EXERCISE INSTRUCTIONS → The answer must consist solely of the lines from the line with "Final Instructions: Spend" to the final line of the data below, reproduced exactly, pictures omitted.

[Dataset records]
--- START ---
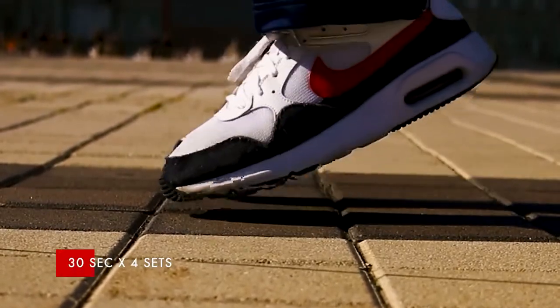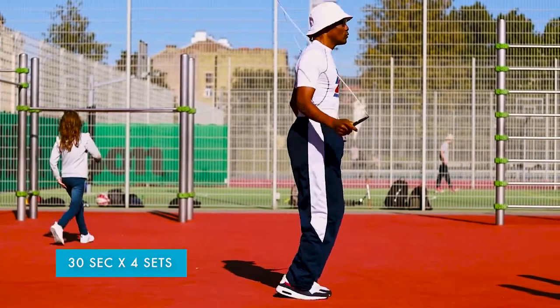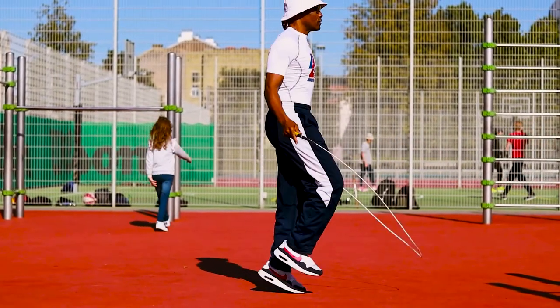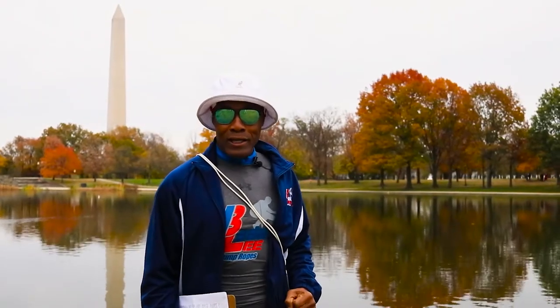You're going to do that for four sets, concentrating on continuation, smoothness, timing, and rhythm. Are you ready? I'm ready. Let's get ready to jump, jump, jump.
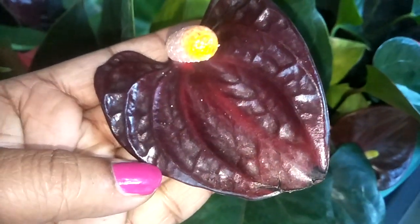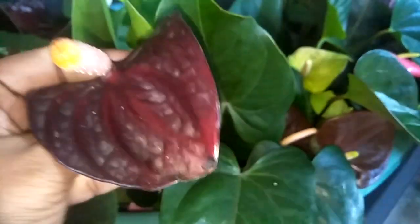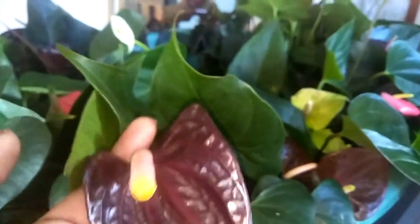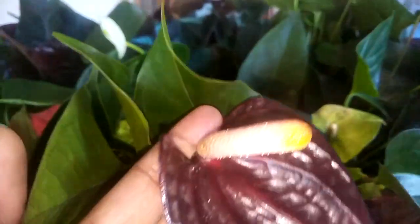Hello everyone. I'm going to make a video about this plant. This is a black plant: Black Knight, Cardinal, New Black, Beauty Black, Contensia, Jumbo Black.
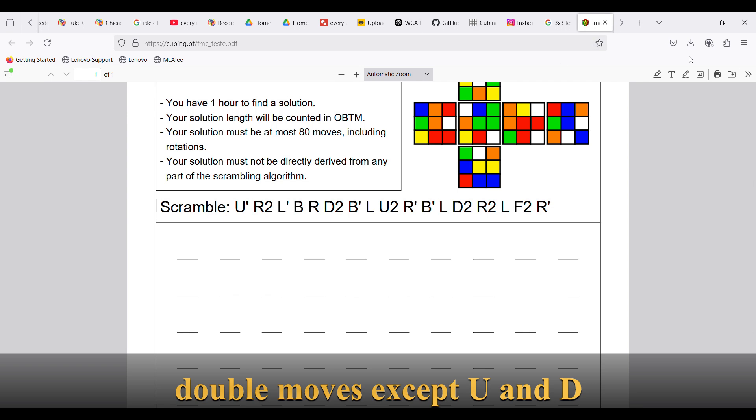For Fewest Moves there are no real hardware considerations — you can use whatever cube you want as it's not really going to make any difference.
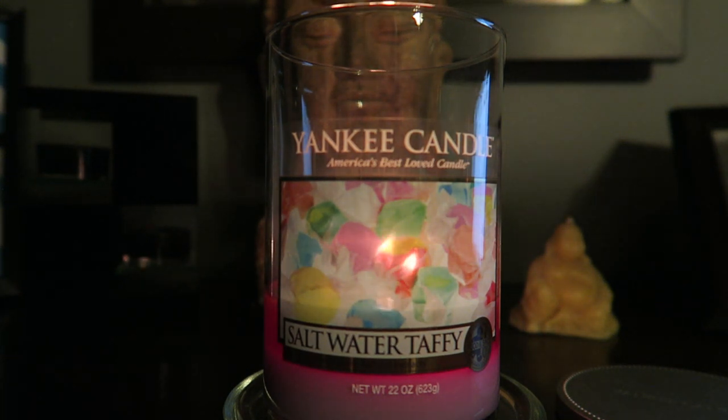The scent is pretty much just like saltwater taffy — that's exactly what I get. It's pretty authentic, even though I had to get right up on top of the candle to smell it for this review. What I do smell is a lot of fruit flavors — lemon, lime, orange — and then a creaminess mixed in. It says vanilla but I don't really get a strong vanilla scent, just more of a creaminess, like saltwater taffy has that creamy, fruity kind of flavor.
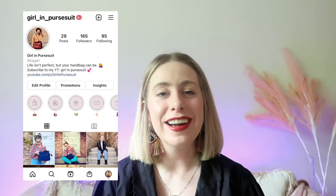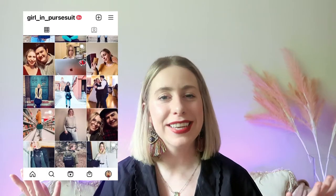Hello everyone, welcome back or welcome to my channel. If you are new, my name is Erica. I make videos all about handbags, lifestyle, beauty, and decor.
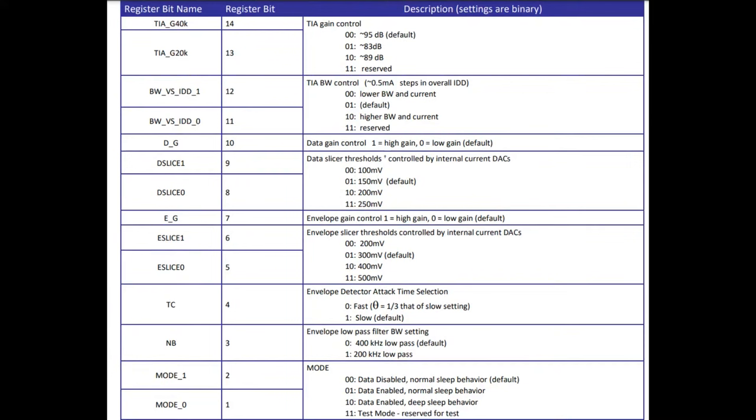The two output pins that give you the envelope and data are also used for configuration via I2C. There's one 16-bit register you can write to — covering sleep modes, game modes, and various configurable thresholds, or you can use the defaults. You do need to configure it to start, since it boots into sleep mode. You have to tell it to be enabled in mode 1 or mode 2, so you must use I2C even if you're not using any other register bits.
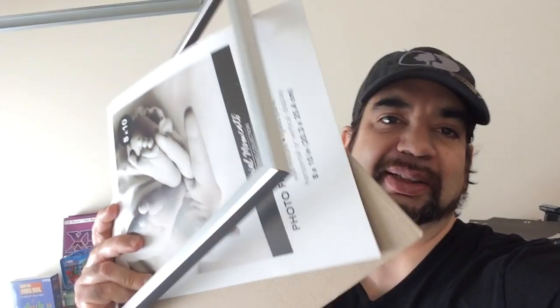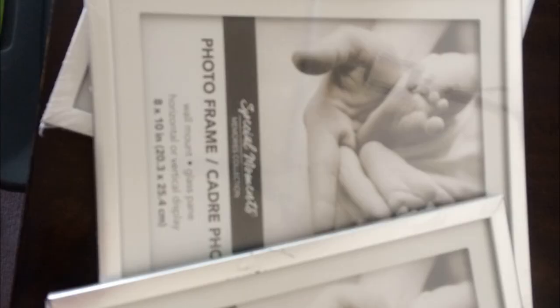Hey, welcome back. Today I'm trying to make a display case out of Dollar Tree picture frames. Let me show you how it turned out. Here we have four picture frames from the Dollar Tree — they are very poor quality, as you'll see. The plan is to have a base and four sides.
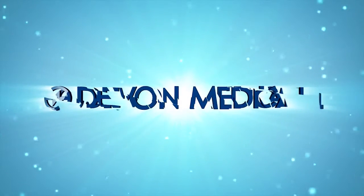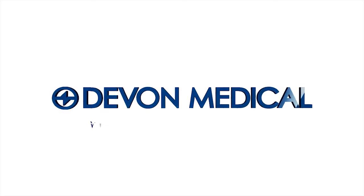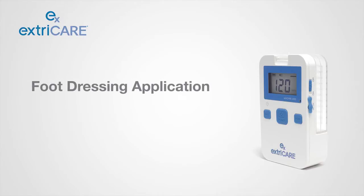Devon Medical, creator of the ExtraCare Negative Pressure Wound Therapy System, has developed a new NPWT dressing to help treat non-healing wounds on the toes and forefoot. This instructional video will outline how to apply the dressing properly.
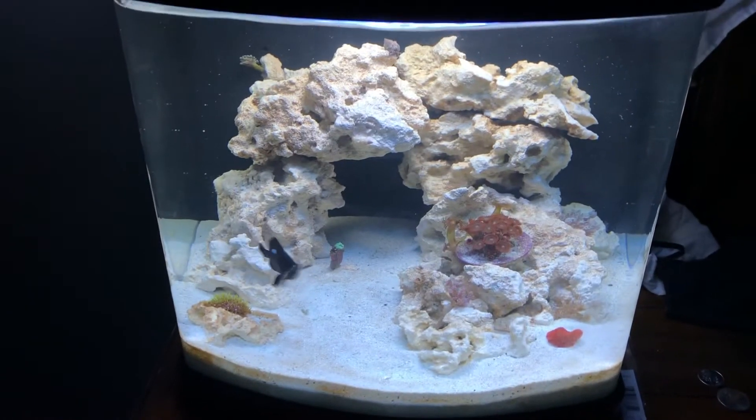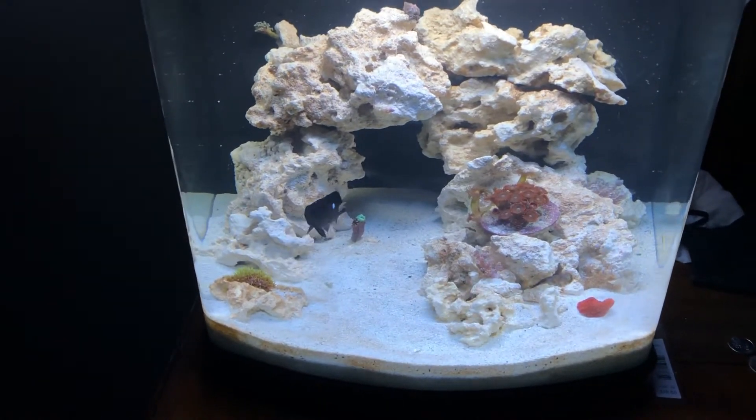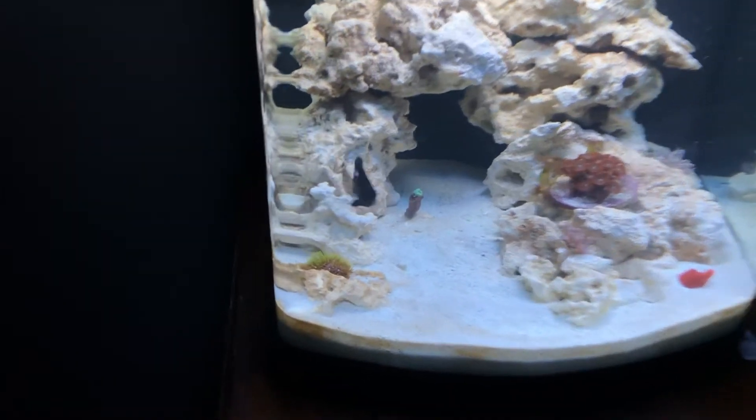Hey guys, so this is update number two of the six-gallon nano-reef, my first tank.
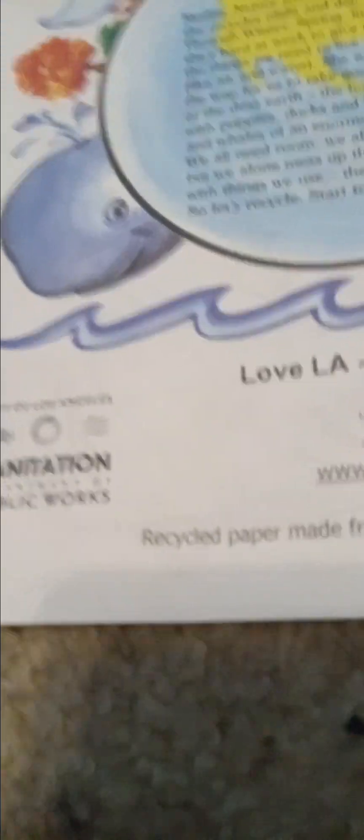And we got this thing. It says City of Los Angeles Sanitation — like, that's what recycling can turn into. And this is a Spanish pamphlet, and I don't know how to read Spanish.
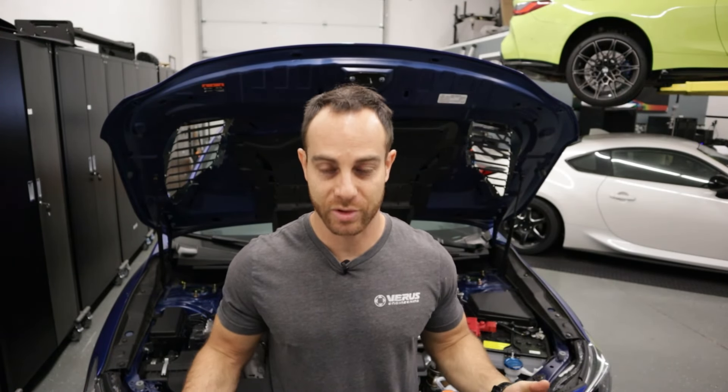What's up guys? Eric from Veris Engineering, and today we're going to be doing a really simple install on our VB WRX.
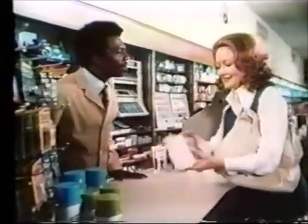Yes, I'd like a butane lighter, please. Which one? Oh, they're all about the same. I wish you hadn't said that.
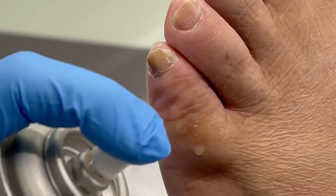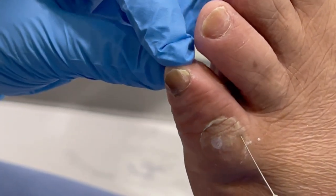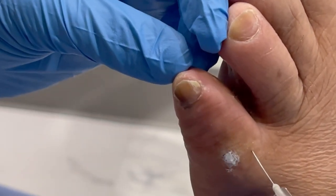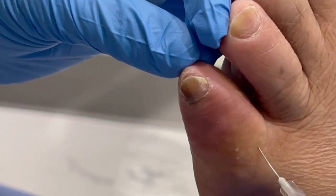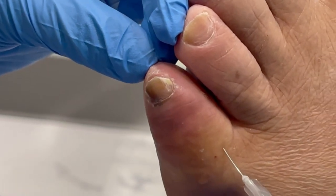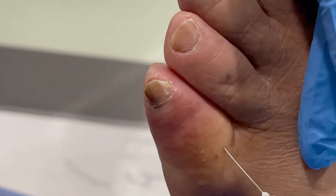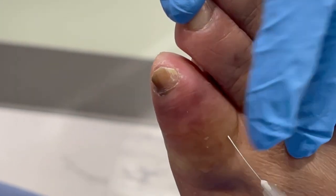A little more on that side — we don't want you feeling anything. Doing great. Do you guys have any questions for me? So Alex is going to go over how you're going to take care of this, but just to give you a general idea: you'll soak it every day and sprinkle a little collagen wound powder in there — it looks like snow — and keep it covered. We need to get you an excuse for tomorrow.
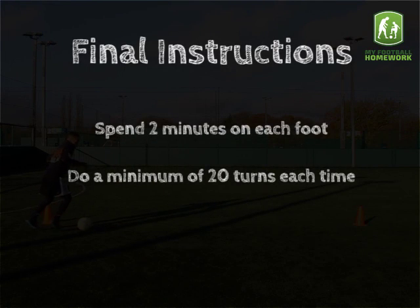Final Instructions: Spend 2 minutes on each foot. Give the player a 10-second break between feet.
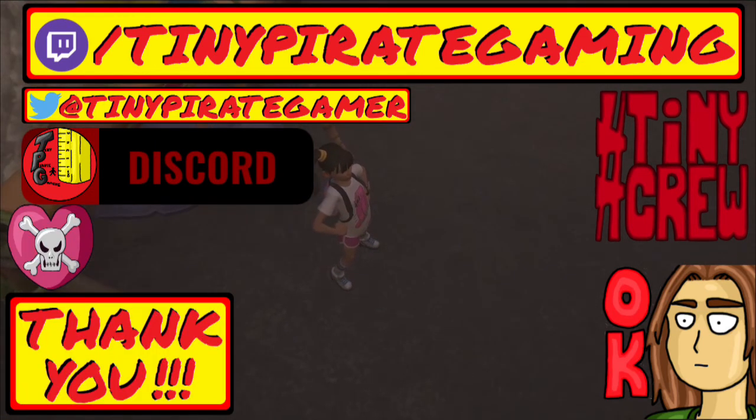Thank you so much for watching, and until next time, argh matey, watch your step, there be a tiny pirate here.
--- END ---
RESPONSE →
Final Instructions: Spend 2 minutes on each foot. Give the player a 10-second break between feet.
Thank you so much for watching, and until next time, argh matey, watch your step, there be a tiny pirate here.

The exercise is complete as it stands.